■ Aim of the task:
What follows is a set of records; restate each one word for word and drop the pictures.
(Dataset entries Opens)
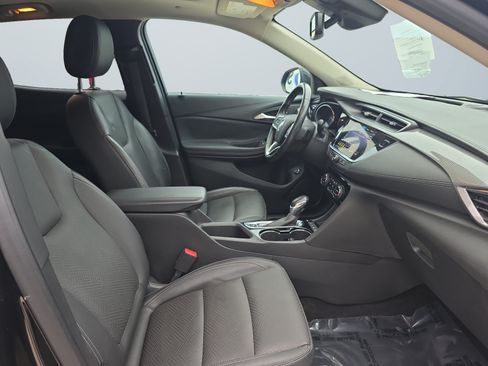 Used 2021 Buick Encore GX Essence w/ Experience Buick Package AWD/4WD image 17
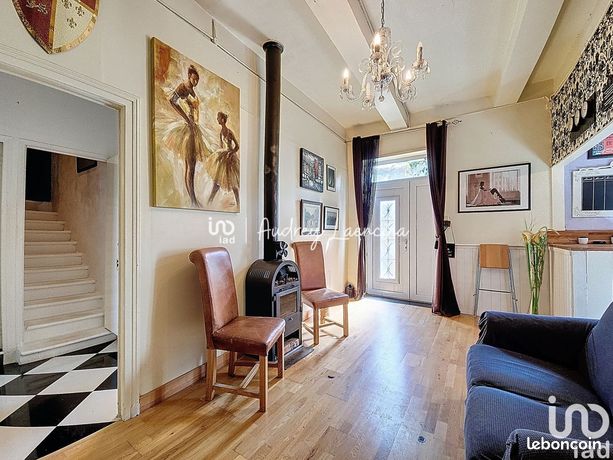 Maison 7 pièces 297 m²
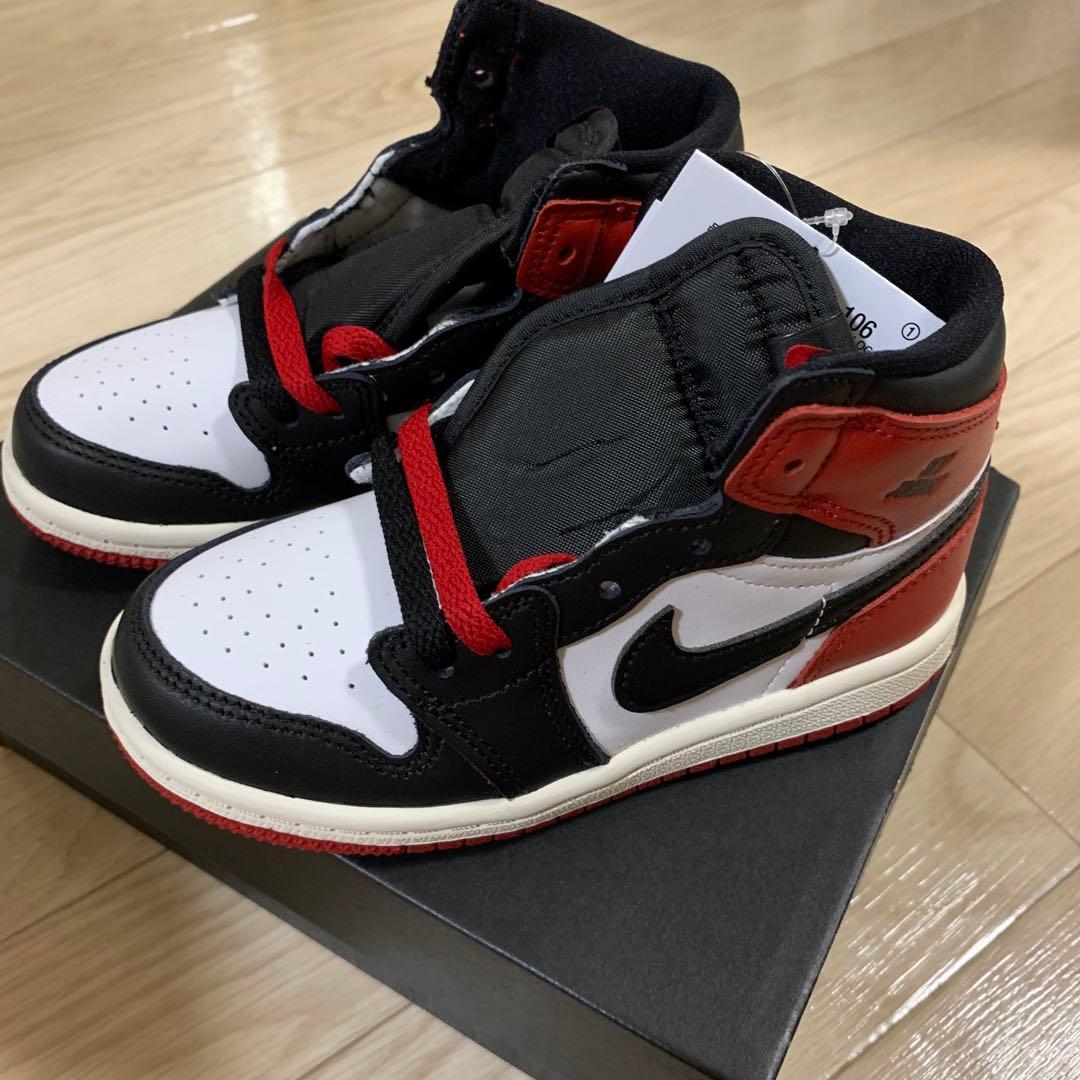 スニーカー Nike AirJordan 1 \"Black Toe Reimagined\"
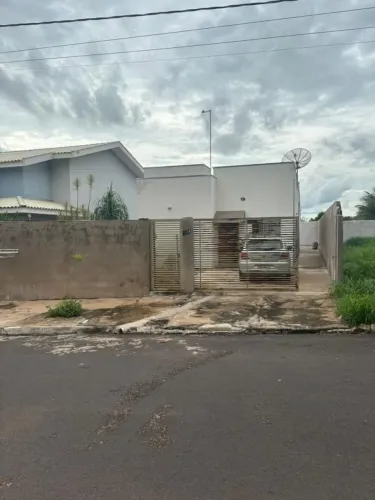 Casa para Venda em Martinópolis, Residencial Tardim I, 2 dormitórios, 1 suíte, 3 banheiros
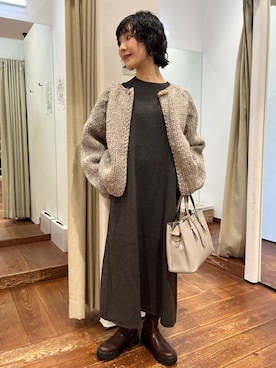 「アイテム（ワンピース/ドレス）」を使った、久木 美音さん（レディース・157cm）の秋コーディネート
(Dataset entries Closes)
■ Task output:
 Used 2021 Buick Encore GX Essence w/ Experience Buick Package AWD/4WD image 17
 Maison 7 pièces 297 m²
 スニーカー Nike AirJordan 1 \"Black Toe Reimagined\"
 Casa para Venda em Martinópolis, Residencial Tardim I, 2 dormitórios, 1 suíte, 3 banheiros
 「アイテム（ワンピース/ドレス）」を使った、久木 美音さん（レディース・157cm）の秋コーディネート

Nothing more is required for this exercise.